• EXERCISE GOAL: In the entries below, begin at the line that has "Pieces of dry", stop after the line that has "5 Ways to Bring", and output those lines exactly with no pictures.

== DATA PROVIDED

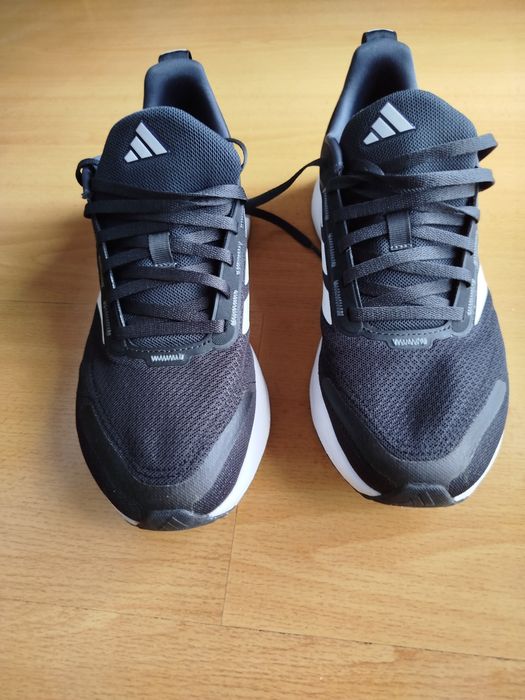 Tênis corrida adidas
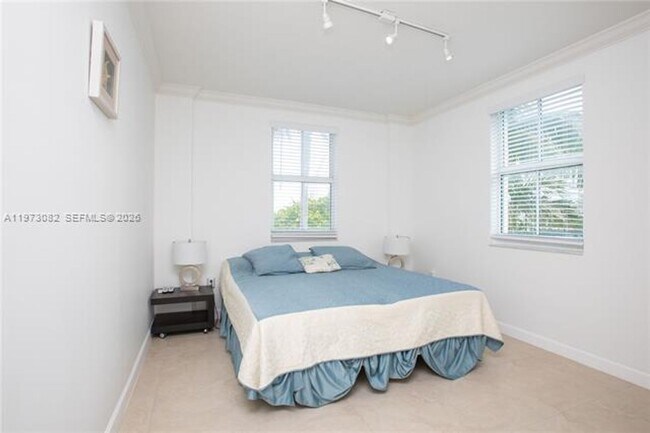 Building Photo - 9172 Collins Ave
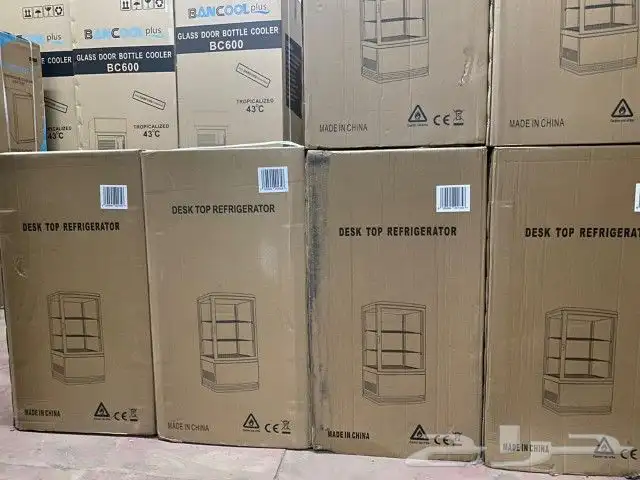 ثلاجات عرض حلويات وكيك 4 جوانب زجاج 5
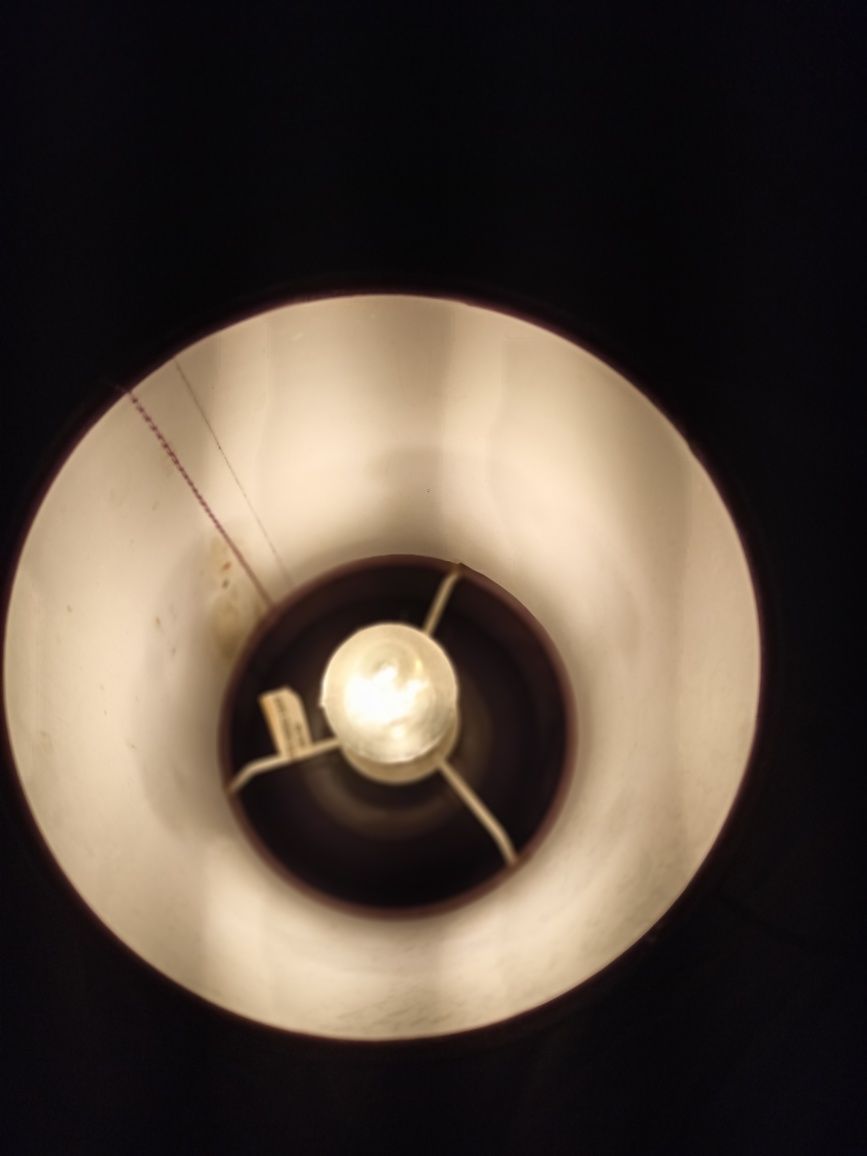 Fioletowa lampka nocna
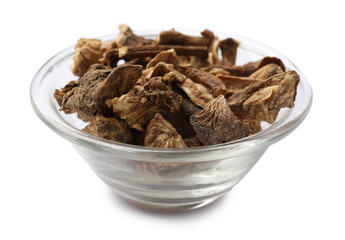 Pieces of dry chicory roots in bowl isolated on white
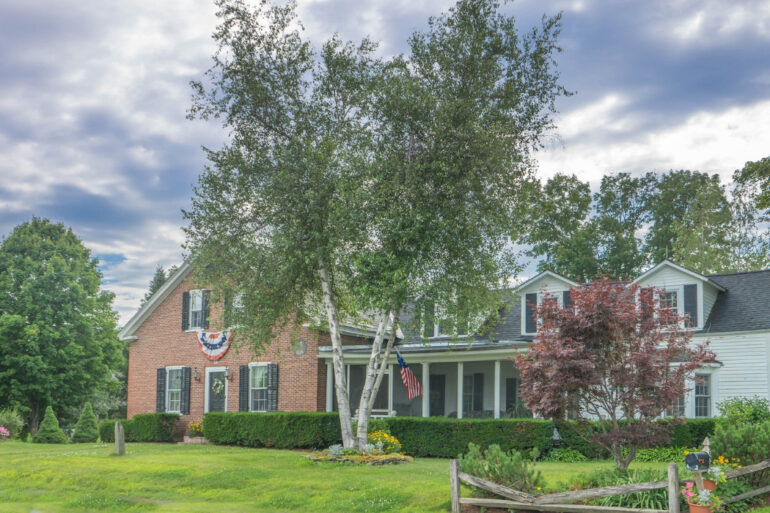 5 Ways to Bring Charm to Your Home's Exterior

====
== DATA PROVIDED

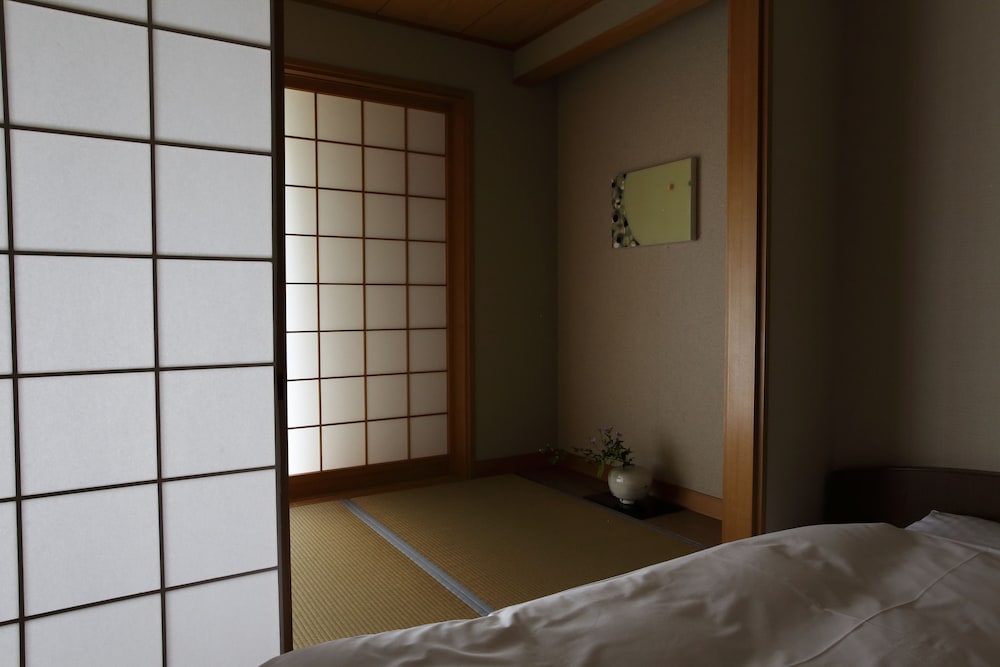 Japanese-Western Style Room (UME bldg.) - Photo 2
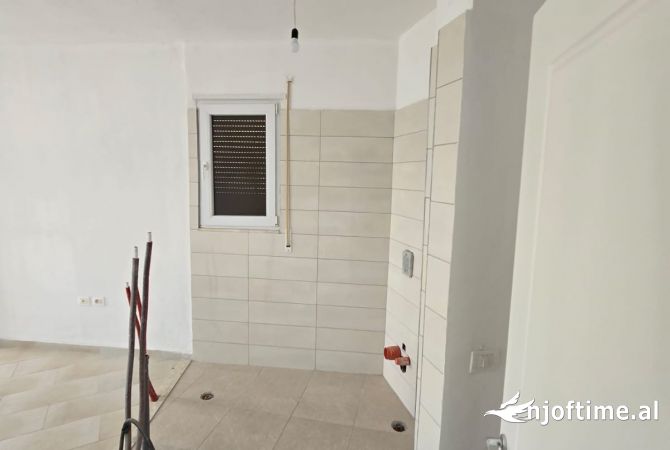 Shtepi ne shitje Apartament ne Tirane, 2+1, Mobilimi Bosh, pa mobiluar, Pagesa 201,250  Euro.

====
== DATA PROVIDED

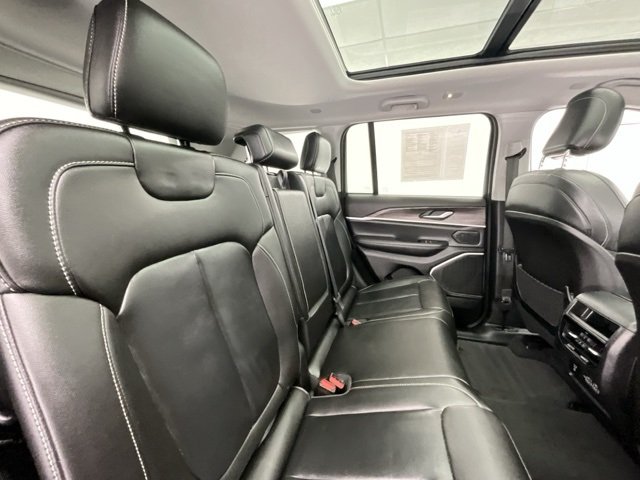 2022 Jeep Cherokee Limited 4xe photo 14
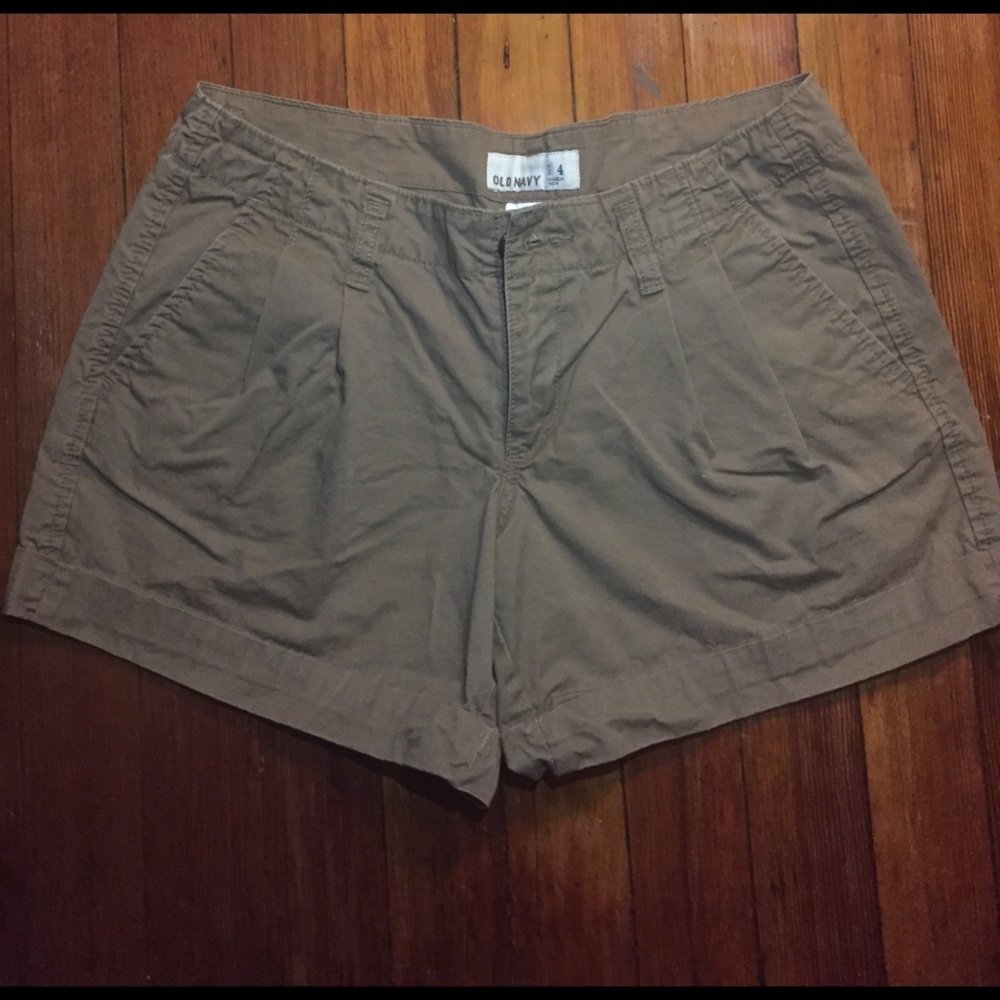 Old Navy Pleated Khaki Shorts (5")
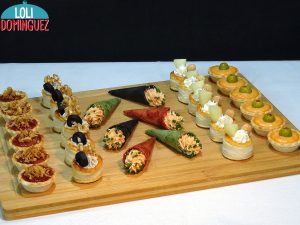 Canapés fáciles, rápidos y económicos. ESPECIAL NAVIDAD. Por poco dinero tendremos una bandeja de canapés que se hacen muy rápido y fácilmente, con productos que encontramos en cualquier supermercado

====

• RESPONSE TO THE EXERCISE:
 Pieces of dry chicory roots in bowl isolated on white
 5 Ways to Bring Charm to Your Home's Exterior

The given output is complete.